Southern California Edison (SCE) has awarded 235MW of battery energy storage projects as part of its local capacity requirement (LCR) request for offer (RFO). SCE is required by the regulator, California Public Utilities Commission (CPUC), to procure nearly 2,200MW of generation resources, due to the forced retirements of nuclear and other generation capacity in SCE's operating region of Southern California. Of the 2,200MW of new capacity, CPUC requires 50MW to be energy storage – so SCE's decision to procure 235MW of battery energy storage technologies is significantly higher than the bare minimum. The chosen companies must install the energy storage by 2021, but can deploy them as early as the start of 2015. The awarded battery energy storage projects are:
Stem will deploy 85MW across two contracts for behind-the-meter energy storage.

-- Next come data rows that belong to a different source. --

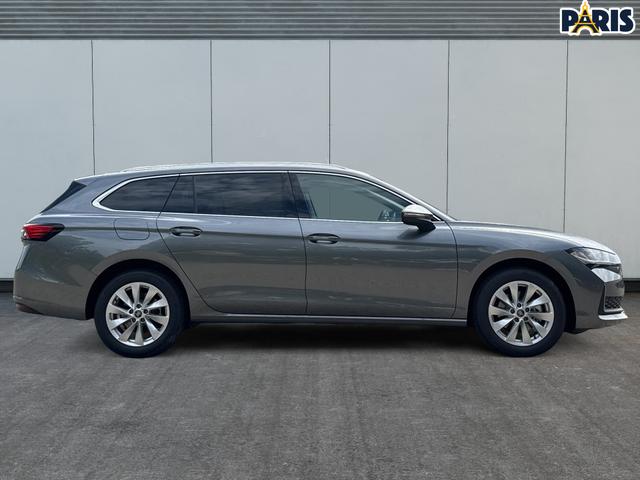 Skoda / Superb Combi / / / / DSG+ NAVI+AHK+EL. HECKKL.+KESSY+SHZ V+H, Beispielbilder, ggf. teilweise mit Sonderausstattung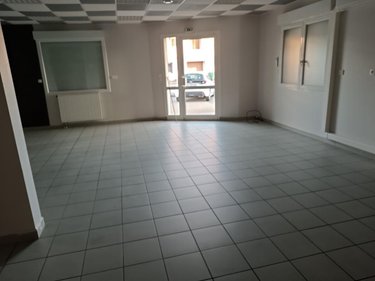 Location fonds et murs commerciaux Péronnas 01960 Ain 71 m2  647 euros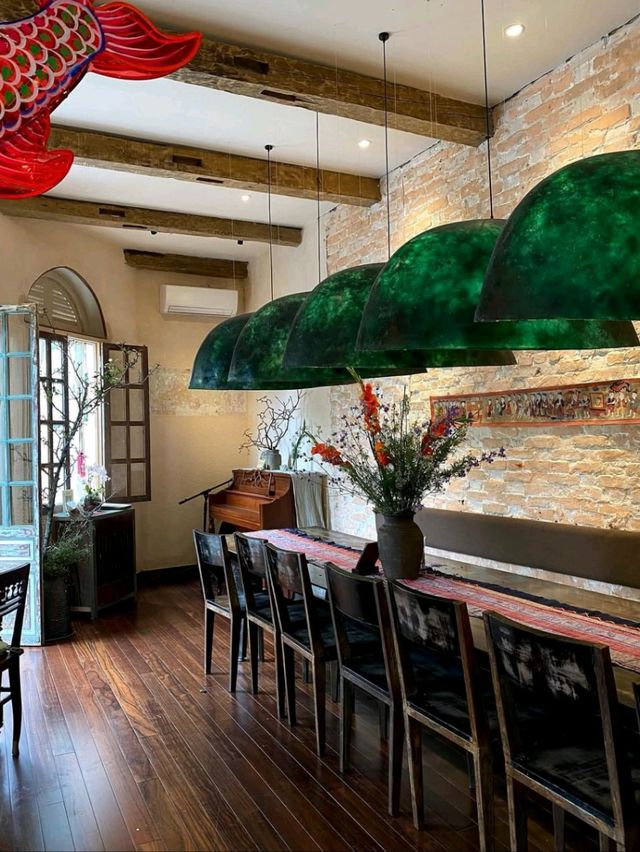Cāga Café & Restaurant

AES will deploy a 100MW / 400MWh in-front of the meter (transmission) for a single contract.
Advanced Microgrid Solutions will deploy 50MW across four contracts for behind-the-meter energy storage.
NRG Energy will deploy a 0.5MW in-front-of-the-meter energy storage project.

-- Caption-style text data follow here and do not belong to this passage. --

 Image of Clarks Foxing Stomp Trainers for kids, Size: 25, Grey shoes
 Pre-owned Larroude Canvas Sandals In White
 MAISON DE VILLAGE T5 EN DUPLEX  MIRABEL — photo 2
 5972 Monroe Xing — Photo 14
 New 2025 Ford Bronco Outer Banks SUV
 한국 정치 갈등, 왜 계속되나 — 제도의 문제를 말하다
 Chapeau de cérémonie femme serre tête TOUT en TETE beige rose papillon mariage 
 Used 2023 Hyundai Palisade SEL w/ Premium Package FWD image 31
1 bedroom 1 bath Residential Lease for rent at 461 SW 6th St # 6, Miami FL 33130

SCE also included 25.6MW of thermal energy storage to be provided by Ice Energy across 16 contracts. As part of California's energy storage mandate (AB 2514), SCE must procure 580MW of energy storage across the three grid domains. However, the separate LCR mandate may count towards the broader energy storage mandate. Furthermore, the mandate requires that more than half of all projects be owned by someone other than the coordinating utility, which was a requirement put in place by CPUC to support energy storage developers. SCE likely expanded its energy storage LCR procurement process to meet the energy storage mandate under AB 2514, but it remains to be seen whether all projects will count towards its utility-owned procurement target. For example, Stem has traditionally deployed behind-the-meter, third-party owned systems through no money down leases, which would normally account for non-utility owned assets. The 85MW procurement dwarfs the current deployed base for Stem, and would make it the largest distributed energy storage player in the world. Additionally, developers like AES are project operators as opposed to project or technology developers and would likely need to own and operate a project to earn a return. Ultimately, there is still uncertainty about who will own these projects, the hours of storage, what applications they will meet, and in turn, how these projects will earn revenue on the grid.

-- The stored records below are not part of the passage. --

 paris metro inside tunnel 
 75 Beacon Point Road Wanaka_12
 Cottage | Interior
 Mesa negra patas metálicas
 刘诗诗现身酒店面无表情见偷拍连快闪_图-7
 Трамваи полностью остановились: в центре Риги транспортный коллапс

AES Energy Storage will be deploying a four hour energy storage system with 100MW of power and 400MWh of energy storage capacity. Previous drafts of SCE’s LCR proposal included both a two and four hour only energy storage project, but the rest of the selected energy storage developers have not commented on which storage project they intend to pursue.
All three of California's investor-owned utilities are scheduled to complete their first procurement under the AB 2514 mandate by the end of 2015. Image: Southern California Edison.
It remains to be seen when the exact timeline for deployment will be, as the construction and interconnection of such projects should take significantly less than the allotted six years. This is not the only RFO for SCE or in California, SDG&E, SCE and PG&E have already released their AB 2514 compliant RFOs. All three investor-owned utilities are expected to complete procurement of the first mandate by the end of 2015 while offers are required to be submitted between January and April of 2015 depending on the utility. For SCE the latter procurement will focus on16.3MW under two distinct application structures. PG&E is seeking 74MW of energy storage split between distribution level projects (24 MW) and transmission level projects (50MW). PG&E’s high deployments of behind-the-meter storage allow the utility to overlook the behind-the-meter grid domain in this procurement and still comply with AB 2514. SDG&E was the first utility to issue its AB 2514 compliant RFO, and is scheduled to procure 25MW, but is not capping its procurement at that level and is open to bids as large as 800MW, far surpassing its required amount. Like SCE, PG&E is required to procure 580MW of storage, while SDG&E is require to procure 165MW. The power to energy ratio or hours of storage for these procurements still remains to be seen.
While, SCE's LCR procurement is an unexpected near term boost that validates energy storage's role as part of the utility grid planning process, the three investor-owned California utility RFOs represent the largest policy-driven opportunity for energy storage in the foreseeable future. However, as countries and utilities gain operational experience with various energy storage applications, they will be able to incorporate energy storage as a grid planning asset, and the stationary storage market may find sustainable growth opportunities beyond policy-driven deployments.